If I have a table of test results, and want to know the person who is the best and who is the worst for each subject.
The example of the input table:
Subject | Score | Name |
---|---|---|
Math | 27 | Student1 |
History | 43 | Student2 |
Math | 44 | Student3 |
History | 50 | Student1 |
Science | 7 | Student1 |
History | 10 | Student3 |
Science | 43 | Student2 |
I want to make output table like following table:
Subject | BestScr | BestStud | WorstScr | WorstStud |
---|---|---|---|---|
Math | 44 | Student3 | 27 | Student1 |
History | 50 | Student1 | 10 | Student3 |
Science | 43 | Student2 | 7 | Student1 |
Following code is what I tried:
inputTableGrouped = inputTable.groupby(['Subject'])
outputTableGrouped['BestScr'] = inputTableGrouped.Score.max()

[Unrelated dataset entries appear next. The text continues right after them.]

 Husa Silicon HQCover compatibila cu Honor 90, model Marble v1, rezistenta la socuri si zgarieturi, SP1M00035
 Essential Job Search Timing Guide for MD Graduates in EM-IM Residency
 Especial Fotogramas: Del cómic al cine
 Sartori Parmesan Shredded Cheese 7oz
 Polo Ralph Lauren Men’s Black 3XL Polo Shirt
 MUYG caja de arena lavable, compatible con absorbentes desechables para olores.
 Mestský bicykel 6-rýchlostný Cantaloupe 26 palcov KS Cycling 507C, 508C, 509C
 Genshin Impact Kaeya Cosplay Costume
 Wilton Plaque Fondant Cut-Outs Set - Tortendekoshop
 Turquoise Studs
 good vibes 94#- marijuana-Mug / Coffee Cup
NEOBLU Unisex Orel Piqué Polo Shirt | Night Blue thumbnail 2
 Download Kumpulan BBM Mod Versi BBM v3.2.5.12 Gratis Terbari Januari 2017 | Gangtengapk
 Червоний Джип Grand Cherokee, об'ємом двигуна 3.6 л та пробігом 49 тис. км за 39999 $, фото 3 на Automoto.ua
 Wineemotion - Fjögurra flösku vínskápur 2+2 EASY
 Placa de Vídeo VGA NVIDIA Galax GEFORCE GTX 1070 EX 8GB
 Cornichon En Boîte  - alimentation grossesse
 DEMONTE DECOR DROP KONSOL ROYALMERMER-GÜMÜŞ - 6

outputTableGrouped['WorstScr'] = inputTableGrouped.Score.min()
outputTable = outputTableGrouped.reset_index()
But this way, I cannot find the way to record student name. What should I try?
CodePudding user response:
You can use GroupBy.agg
with DataFrameGroupBy.idxmax
and
DataFrameGroupBy.idxmin
for indices by maximal and minimal Score
and select mtched rows with DataFrame.loc
, convert Subject
to indices with DataFrame.add_prefix
and join together:
df1 = df.groupby('Subject', sort=False)['Score'].agg(['idxmin','idxmax'])
df11 = df.loc[df1['idxmax']].set_index('Subject').add_prefix('Best')
df22 = df.loc[df1['idxmin']].set_index('Subject').add_prefix('Worst')
df = df11.join(df22).reset_index()
print (df)
Subject BestScore BestName WorstScore WorstName
0 Math 44 Student3 27 Student1
1 History 50 Student1 10 Student3
2 Science 43 Student2 7 Student1
Or convert Name
to index, so you can use GroupBy.agg
with DataFrameGroupBy.idxmax
and
DataFrameGroupBy.idxmin
and min
with max
functions:
df = (df.set_index('Name')
.groupby('Subject', as_index=False, sort=False)
.agg(BestScr=('Score', 'max'),
BestStud= ('Score', 'idxmax'),
WorstScr=('Score', 'min'),
WorstStud=('Score', 'idxmax'))
)
print (df)
Subject BestScr BestStud WorstScr WorstStud
0 Math 44 Student3 27 Student3
1 History 50 Student1 10 Student1
2 Science 43 Student2 7 Student2
CodePudding user response:
You can use a custom groupby.agg
:
(df.groupby('Subject', as_index=False, sort=False)
.agg(**{'BestScr': ('Score', 'max'),
'BestStd': ('Score', lambda s: df.loc[s.idxmax(), 'Name']),
'WorstScr': ('Score', 'min'),
'WorstStd': ('Score', lambda s: df.loc[s.idxmin(), 'Name']),
})
)
Output:
Subject BestScr BestStd WorstScr WorstStd
0 Math 44 Student3 27 Student1
1 History 50 Student1 10 Student3
2 Science 43 Student2 7 Student1